The Accountability Act
By Richard Cohen
Tuesday, May 11, 2004; Page A19
I was looking at The Washington Post of April 25, 1961. The Page 1 headline reads, "Kennedy Takes Blame for U.S. Role in Cuba Invasion" -- the debacle at the Bay of Pigs. The president did this, The Post reported, after his secretary of the interior, Stewart Udall, tried to pass some of the blame on to the preceding Eisenhower administration. JFK quickly intervened: The buck stopped with him.
Because almost everything Kennedy did has been emulated by his successors, we have had a succession of faux-macho blame-taking. Probably the most preposterous was the responsibility that Ronald Reagan took for the 1983 bombing of the Marine barracks in Beirut, which claimed 241 lives. The inadequate security procedures, the president falsely asserted, were his fault. No, he was responsible for the policy, not for manning the perimeter.
In Reagan's case, he was clearly trying to end matters -- close the case, move on. I had the same sense with Donald Rumsfeld's apology-cum-assumption-of-blame for what had gone wrong at that prison in Iraq. He was sorry it happened, sorry he had been slow to appreciate how immense the scandal would become and, in case you want to know, responsible in an official sort of way for the abuses.
Rumsfeld is nothing if not smart. He knows what he is responsible for -- and it is not personnel practices and interrogation procedures. It's easy and facile to both apologize and take the blame for them, because they ain't his baby to begin with. What is his baby, though, is the airy dismissal he and others in the Bush administration have given to the Geneva Conventions and the insistence on invading and occupying Iraq with an insufficient number of troops.
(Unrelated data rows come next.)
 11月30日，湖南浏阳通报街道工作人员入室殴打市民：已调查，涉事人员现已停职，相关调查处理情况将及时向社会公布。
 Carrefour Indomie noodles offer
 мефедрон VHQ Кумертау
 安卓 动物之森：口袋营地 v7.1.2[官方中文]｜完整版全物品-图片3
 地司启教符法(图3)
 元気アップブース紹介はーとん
But these are the areas where Rumsfeld and his boss, the president, reject blame and responsibility. They were -- and remain -- wrong on so much that has happened in Iraq that they have defied the law of averages. The United States invaded with too few troops. It could not secure the country or even its own supply lines. It found no weapons of mass destruction. It unnecessarily alienated allies. It offended the Muslim world. It precipitously disbanded the Baath Party and the Iraqi army and now would like to have some of that undone.
What happened at Abu Ghraib prison is abhorrent, appalling, inhuman, counterproductive -- everything everyone says it is. But it was -- and remains -- inevitable. It's not just the sort of thing bad people do because they are bad but what good people do when a liberation becomes an occupation.
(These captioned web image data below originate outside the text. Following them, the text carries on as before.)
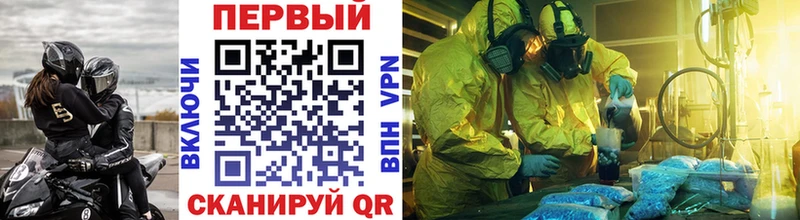 МЕТАМФЕТАМИН Декстрометамфетамин 99.9%  ОМГ ОМГ как войти  Пойковский 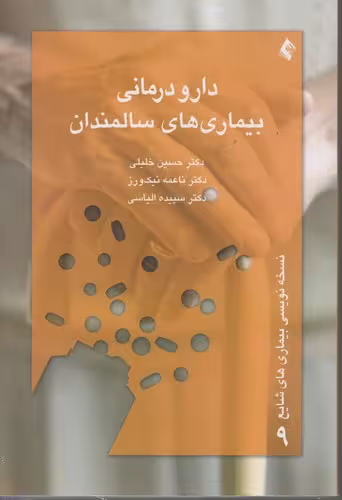 خرید کتاب نسخه‌نویسی بیماری‌های شایع 09: دارودرمانی بیماری‌های سالمندان — کتابسرای طه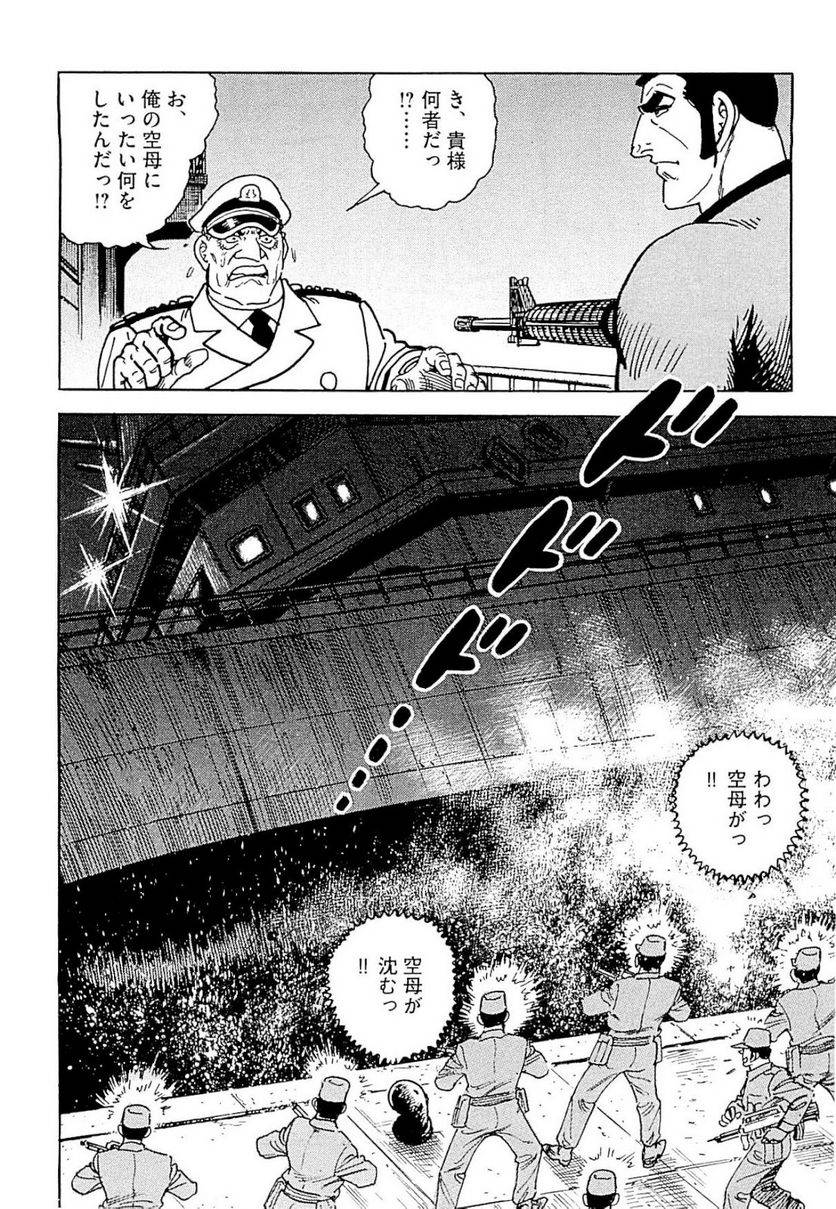 Page 250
It is what happens when the occupiers begin to fear the occupied, when the oppressor demonizes the oppressed and, of course, when untrammeled power is instantaneously bestowed on the usually powerless. It is what happens when authority looks the other way or, as in the case of Nazi Germany, orders the abuse in the first place. If we have learned anything from the Holocaust, it is that ordinary people are capable of extraordinary evil.
Abu Ghraib was just history waiting to repeat itself. It is the French in Algeria and Indochina. It is the British in an empire where the sun never set, or, in the case of Northern Ireland, seemed not to have risen in the first place.
It is what America did in Vietnam and, before that, anywhere in Central America or the Caribbean where, for the good of the natives, we brought freedom to their shores. Once upon a time, the Army treated American Indians in a horrendous fashion, but that was because they, too, did not for some reason want to be occupied.
For the consequences of a wrongheaded policy, Rumsfeld and all the other Bushies will not apologize. Nor will they take responsibility. They exist in a dream world, a corporate suite of yes men, where the end of the war was visualized as the Baghdad version of Pasadena's Tournament of Roses -- our boys might fall, but only from allergic reactions to all those flowers. The administration listened to Iraqi exiles who, putting Max Bialystock to shame, produced an entire war so that they could get back into business. Mel Brooks would be speechless.
It is a joke, this business of taking responsibility and blame. The way it's done in Washington amounts to just the opposite -- not taking responsibility and not accepting blame. This is what Donald Rumsfeld did, to the evident satisfaction of his boss.
JFK, a man of some discernment, would recognize this for what it is: farce.